Date:   Wed, 12 Jan 2022 19:47:40 -0800 (PST)
From:   Hugh Dickins <hughd@google.com>
To:     Peter Xu <peterx@redhat.com>
cc:     Hugh Dickins <hughd@google.com>, linux-kernel@vger.kernel.org,
        linux-mm@kvack.org, David Hildenbrand <david@redhat.com>,
        Andrea Arcangeli <aarcange@redhat.com>,
        Yang Shi <shy828301@gmail.com>,
        Vlastimil Babka <vbabka@suse.cz>,
        Andrew Morton <akpm@linux-foundation.org>,
        Alistair Popple <apopple@nvidia.com>,
        "Kirill A . Shutemov" <kirill@shutemov.name>,
        Matthew Wilcox <willy@infradead.org>
Subject: Re: [PATCH RFC v2 1/2] mm: Don't skip swap entry even if zap_details
 specified
In-Reply-To: <Yd7W6ndSPkXQjurY@xz-m1.local>
Message-ID: <391aa58d-ce84-9d4-d68d-d98a9c533255@google.com>
References: <20211115134951.85286-1-peterx@redhat.com> <20211115134951.85286-2-peterx@redhat.com> <9937aaa-d9ab-2839-b0b7-691d85c9141@google.com> <Yd7VEXI+/Lu8MVOo@xz-m1.local> <Yd7W6ndSPkXQjurY@xz-m1.local>
MIME-Version: 1.0
Content-Type: text/plain; charset=US-ASCII
Precedence: bulk

On Wed, 12 Jan 2022, Peter Xu wrote:
> On Wed, Jan 12, 2022 at 09:18:09PM +0800, Peter Xu wrote:
> > On Sat, Jan 08, 2022 at 05:19:04PM -0800, Hugh Dickins wrote:
> > > On Mon, 15 Nov 2021, Peter Xu wrote:
> > > 
> > > You are absolutely right to clean this up and fix the bugs that
> > > have crept in, but I think the patch itself is not quite right yet.
> > 
> > Do you mean the pmd path on checking mapping?

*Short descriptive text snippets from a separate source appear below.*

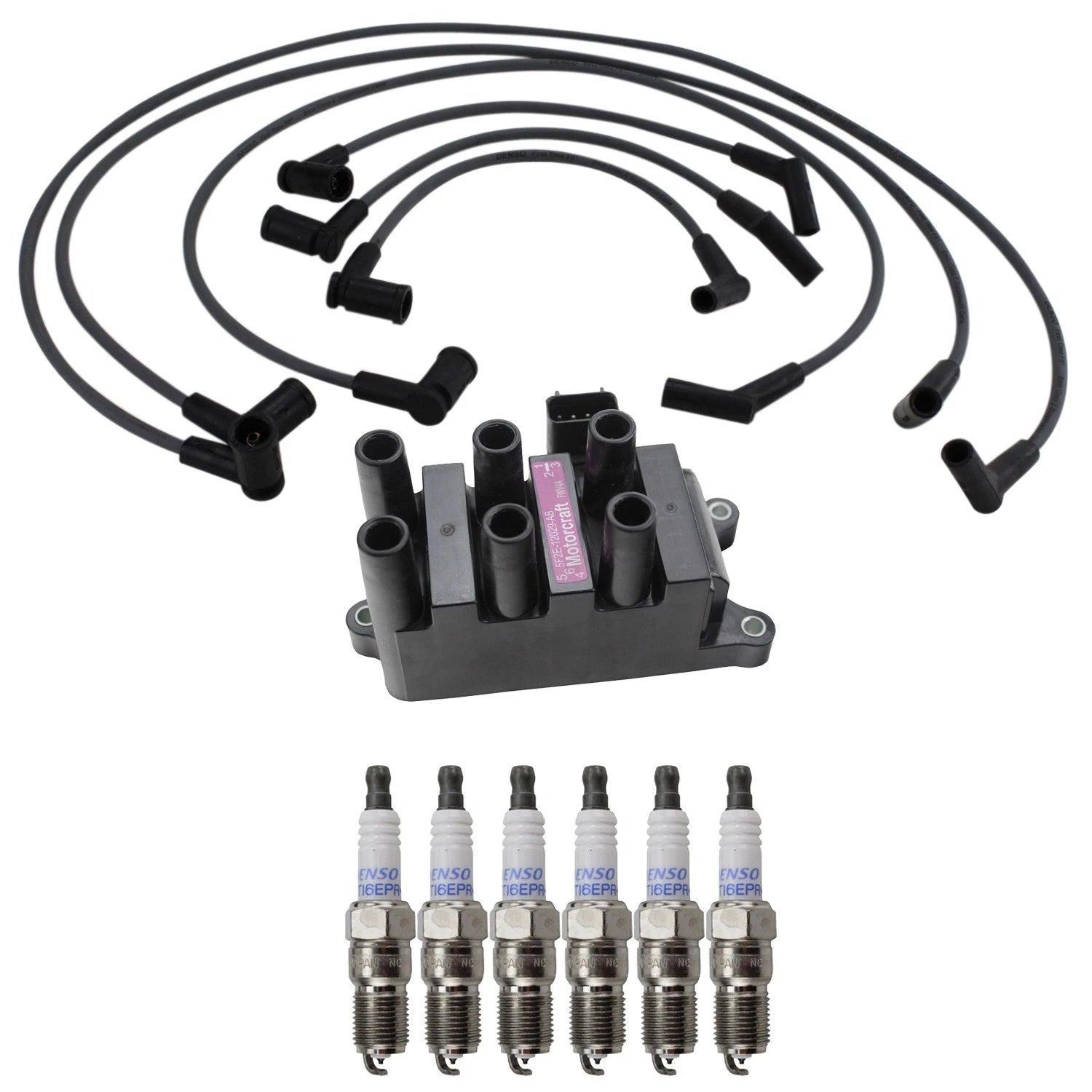 Hitachi Ignition Coils & Denso 6 Iridium Spark Plugs Wire Set for Mustang V6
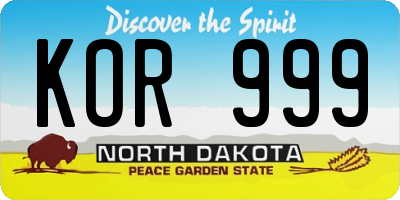 ND license plate KOR999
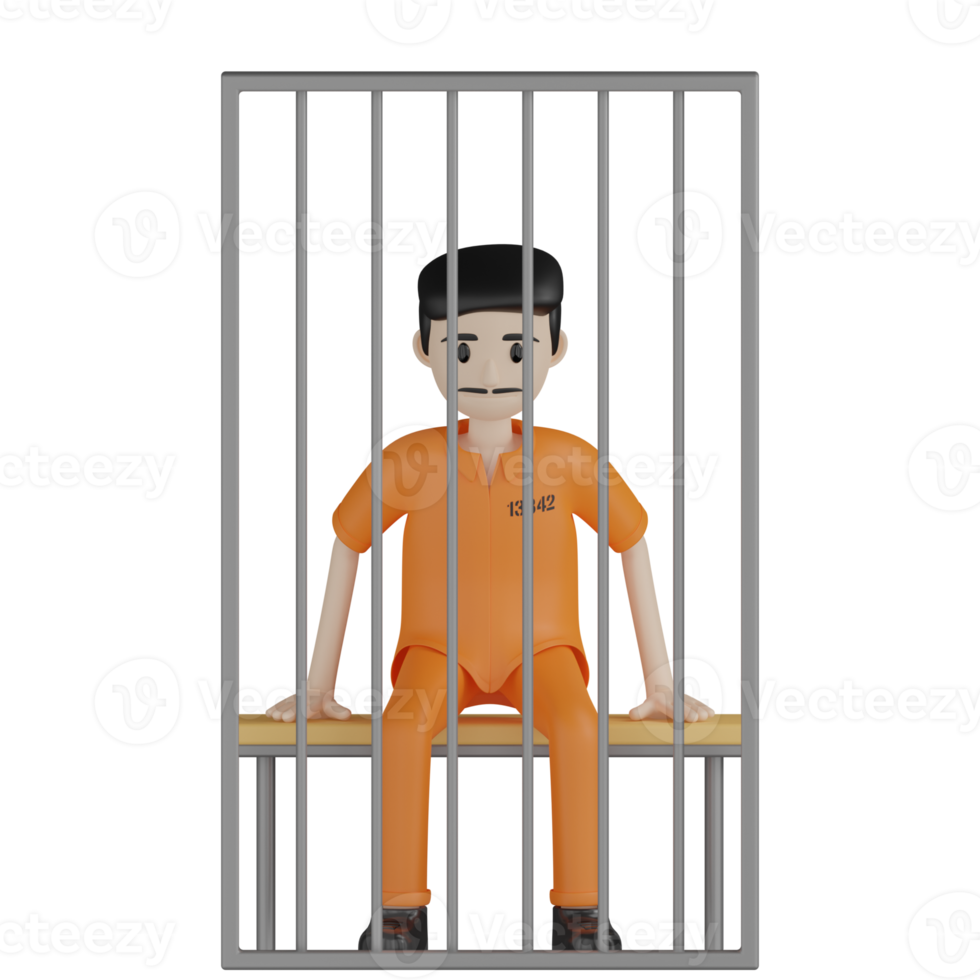 3d Isolated Prisoners in prison uniforms png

Sorry, no, I don't mean that at all. We agree that we cannot see an actual
bug there, so nothing to fix; and re-exporting all the zap_details stuff
to make it available to mm/huge_memory.c would be rather sad.  You might
wish to do some future-proofing, but let's just leave that to the future.

I mean that the handling of swap-like entries in zap_pte_range(), after
you've removed the "if (unlikely(details)) continue;", is not right yet.

> > If so I agree, and I'll add that
> > in v2 (even if as you pointed out that shouldn't be a real bug, iiuc, as you
> > analyzed below).
> > 
> > Let me know if I missed anything else..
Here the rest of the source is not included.